Q1 2019 Clear Capital Newsletter

By Clear Capital Admin | Newsletters and Articles

Look to the future, because that is where you will spend the rest of your life

  • George Burns

“I never think of the future.  It comes soon enough.

  • Albert Einstein

These two quotes, seemingly complete contradictions both in terms of content and authorship, are remarkably apropos of this latest quarter and the very conflicting (if not schizophrenic) data it provided.

The ink was barely dry on our last quarterly update when a front-page article in the Wall Street Journal ominously proclaimed, “Slump in Housing Market Deepens,” focused upon the 6.4% drop in December (year-over-year) home sales and what such a sharp decline might signify when viewed in light of the government shutdown, recent increases in interest rates, and significant volatility in equity markets that characterized the end of 2018.  At that point, it was not a question of whether a recession was coming, but whether it would happen in the last half of 2018 or sometime in early 2019.

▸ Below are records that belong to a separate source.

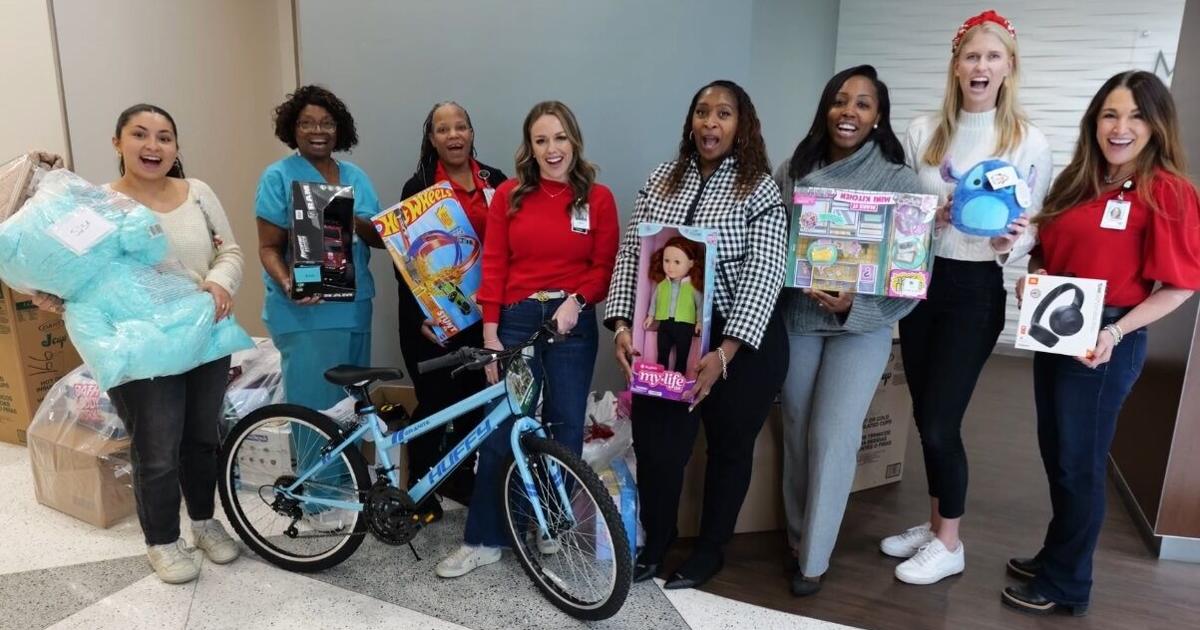 Memorial Hermann Greater Heights helps brighten holidays through YMCA Angel Tree Program | Community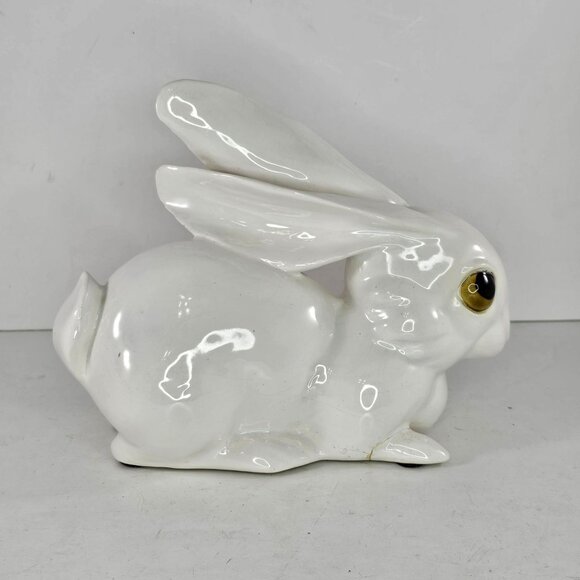 Freeman McFarlin White Rabbit Figurine Lying Down Yellow Eyes *Repaired Foot* - Picture 5 of 10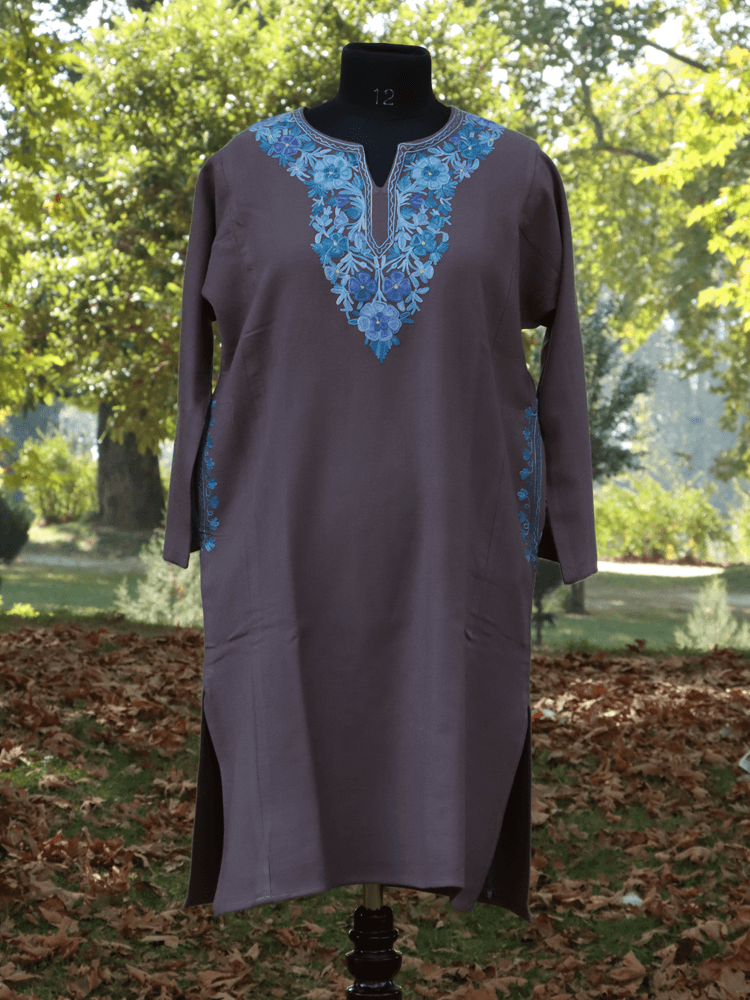 Sumbul-e-asmaan: poshkaar Aari Embriodery pheran - Shopping in Kashmir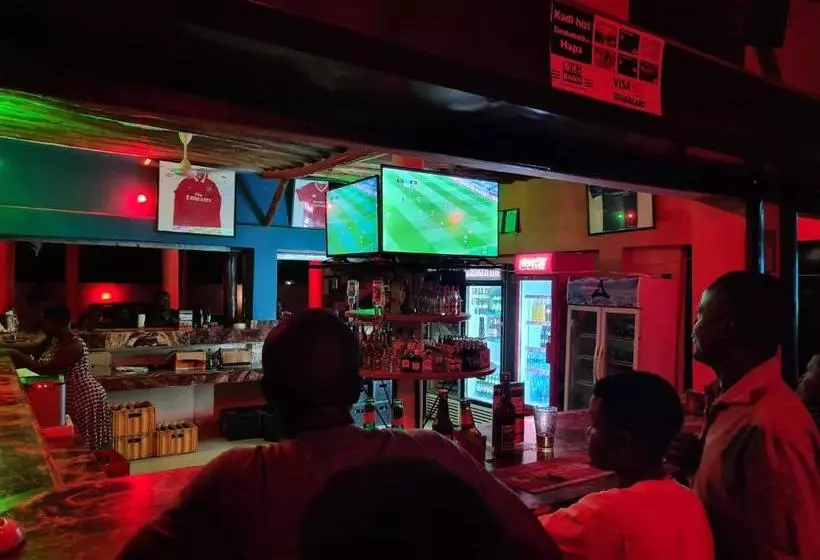 هتل Kimyakimya Pub & Lodge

And then, like an economic slingshot, the housing and equity markets bounced right back, sharply, such that all of the major stock market indices are presently within a stone’s throw of their all-time highs.  Following a very tepid February employment report (33,000 jobs added), March saw 196,000 new jobs created, well exceeding analyst expectations, with the unemployment rate holding steady at 3.8%.  Homebuilder stocks experienced their best quarter in seven years, rising 17%, after declining 29% in 2018, including 15% in Q4 alone.  Mortgage rates dropped sharply, boosting demand for single-family acquisitions and refinancing activity.

Perhaps one particular day, March 22nd, captures the essence of the first entire quarter.  On that day, Robert Mueller finally delivered his long-awaited report, the S&P 500 declined 2.5%, longer-term bond yields tanked (with rates on ten-year Treasuries dropping below those on 90-day Treasury Bills for the first time since 2007), and the National Association of Realtors announced that sales of existing U.S. homes increased nearly 12 percent in February (from January), the largest monthly gain since 2015.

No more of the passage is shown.